EXERCISE OBJECTIVE — After locating the line that contains "AC-Kondensator CITROËN C4", quote it and all lines after it through the end of the entries, and nothing more. Pictures stay out.

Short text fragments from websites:
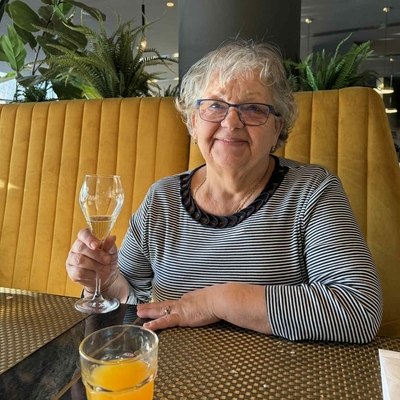 Margó, társkereső Budapest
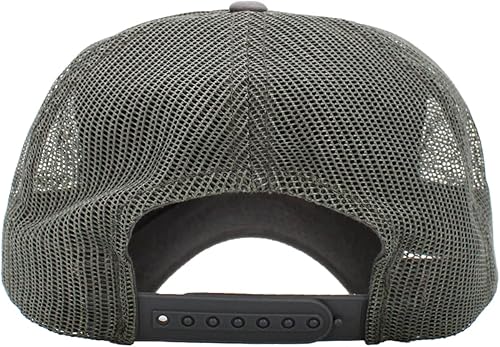 Miniatura 95 de KBETHOS® Gorra de béisbol de algodón ajustable de algodón con corona baja clásica Pigmento rojo teñido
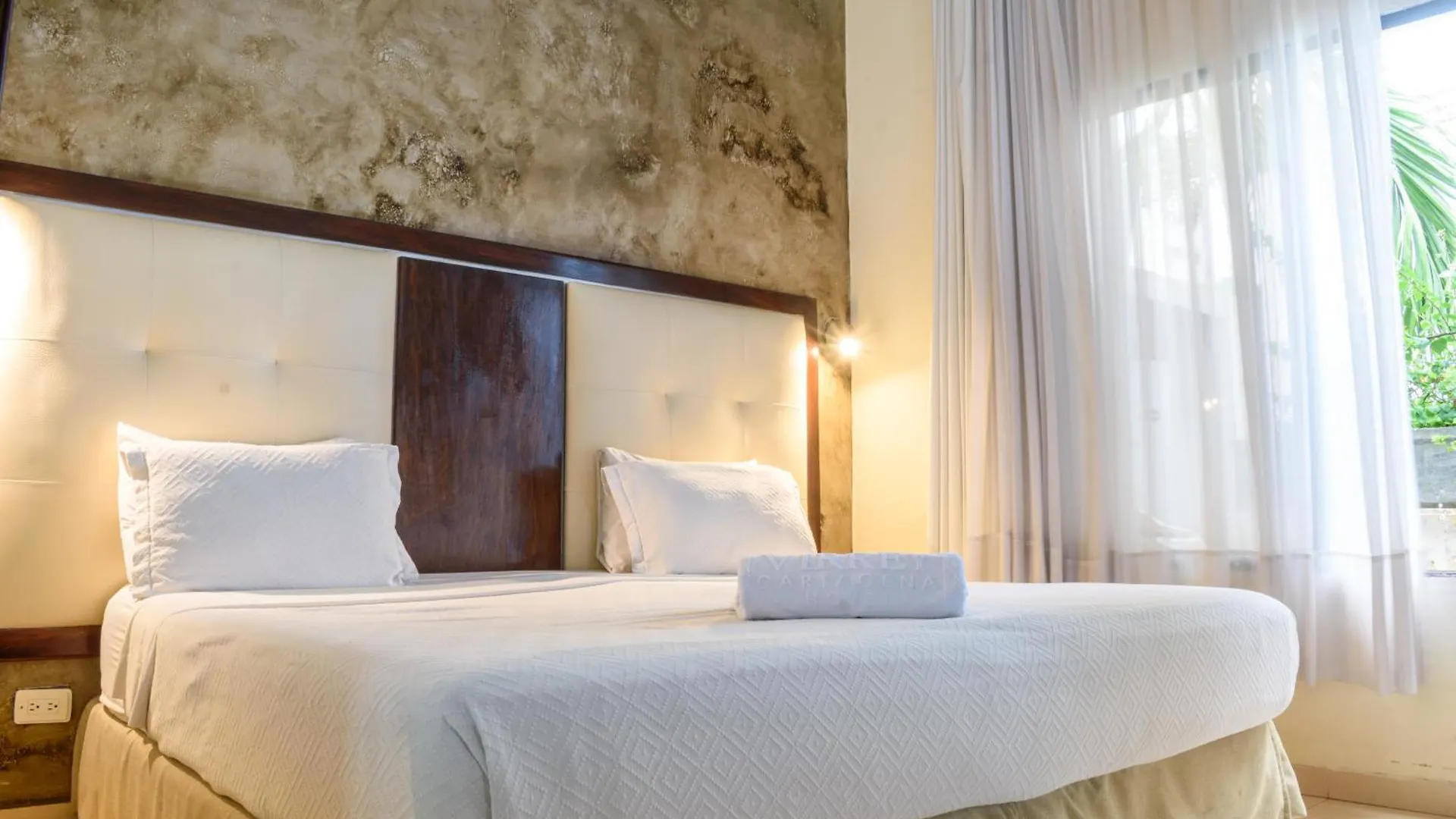 Hotel Virrey Cartagena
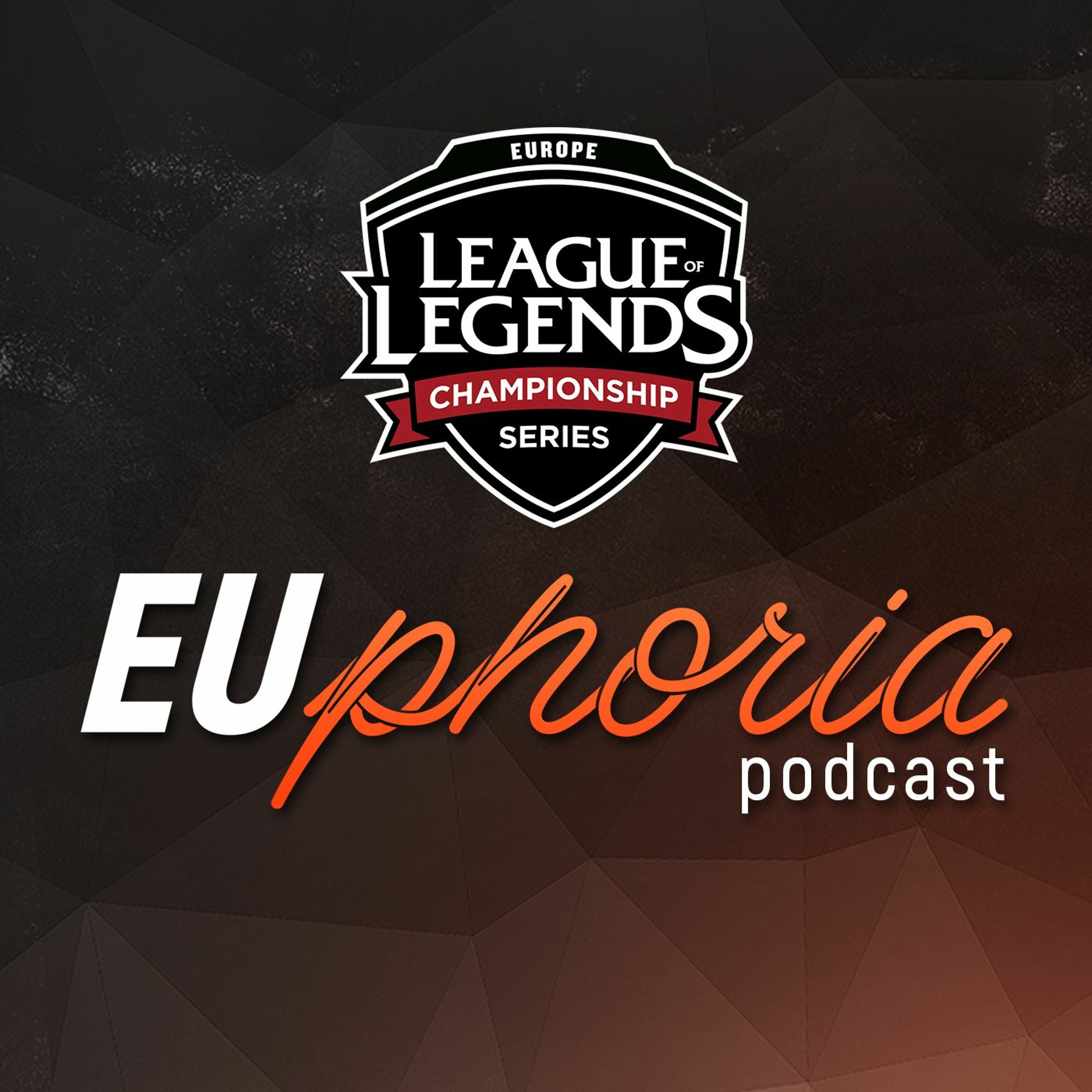 EUphoria Podcast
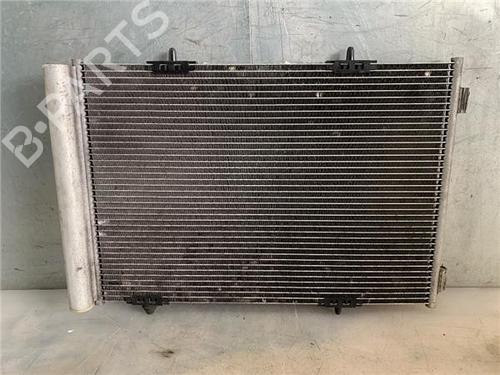 AC-Kondensator CITROËN C4 CACTUS 1.5 BlueHDi 100 | BP29254966M32 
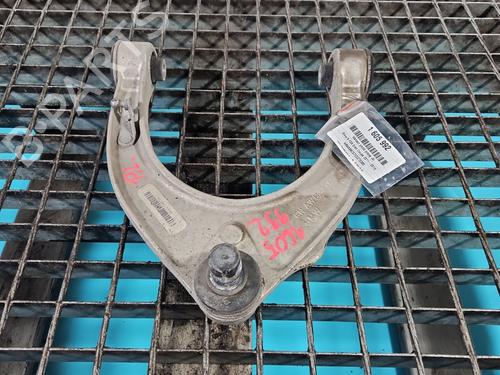 Used Left front suspension arm Left front suspension arm BMW 6 Gran Coupe (F06) 640 i xDrive (320 hp) 39949298 39949298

REPLY —
 AC-Kondensator CITROËN C4 CACTUS 1.5 BlueHDi 100 | BP29254966M32 
 Used Left front suspension arm Left front suspension arm BMW 6 Gran Coupe (F06) 640 i xDrive (320 hp) 39949298 39949298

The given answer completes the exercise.